Congress Is Right To Investigate UFOs And The Possibility Of Extra-Terrestrial Life

Congress Is Right To Investigate UFOs And The Possibility Of Extra-Terrestrial Life May 19, 2022

Dreese: UFO Over Liverpool / Wikimedia Commons

This week, Congress conducted a hearing investigating UFOs, trying to determine what exactly military officials know about them and the dangers they pose, not only to the United States, but to the world. Congress was given reports showing that, indeed, the military has had several encounters with flying objects which they cannot identify. While some think this means we are dealing with extra-terrestrial life, the reports which indicate that we do not have the evidence necessary to say without a reasonable doubt that UFOs represent a non-terrestrial phenomenon:

The military’s 2021 report said no evidence of aliens had been found. Scott W. Bray, the deputy director of Naval intelligence, told lawmakers that they still haven’t uncovered anything “nonterrestrial in origin,” even though there are incidents they can’t explain.[1]
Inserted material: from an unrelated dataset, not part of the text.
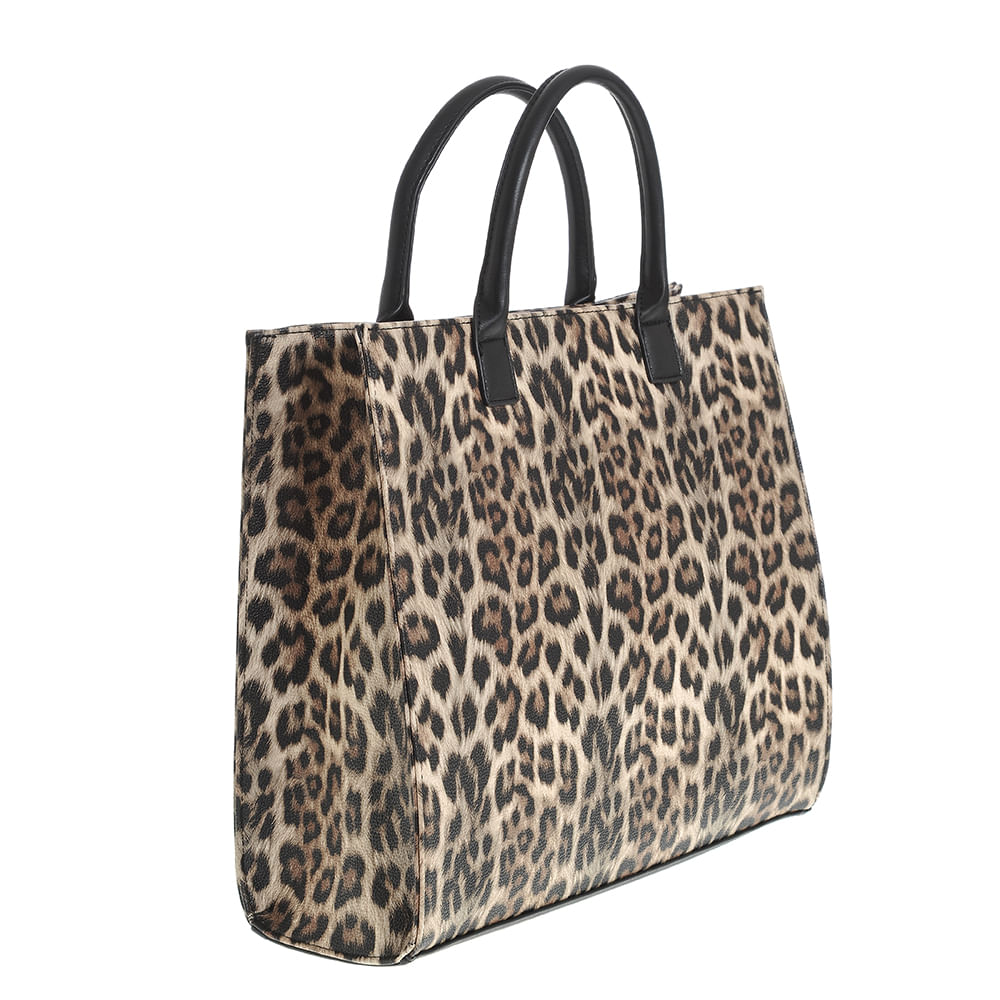 Geanta shopper cu model animal print - 1 | YEO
The hearing has been called, in part, because Congress feels it has not been properly kept up to date as to what the military knows or does not know about UFOs. They think, due to the potential danger inherent with the phenomenon, Congress should be consistently kept up to date so that they can play their part in making decisions in regards that danger. Many within Congress thinks this means that more investigation should be done in regards the origin of the UFOs:

But some leading sponsors of recent legislation want more analysts and surveillance systems dedicated to determining the aircrafts’ origin — and not just more reports of their existence.[2]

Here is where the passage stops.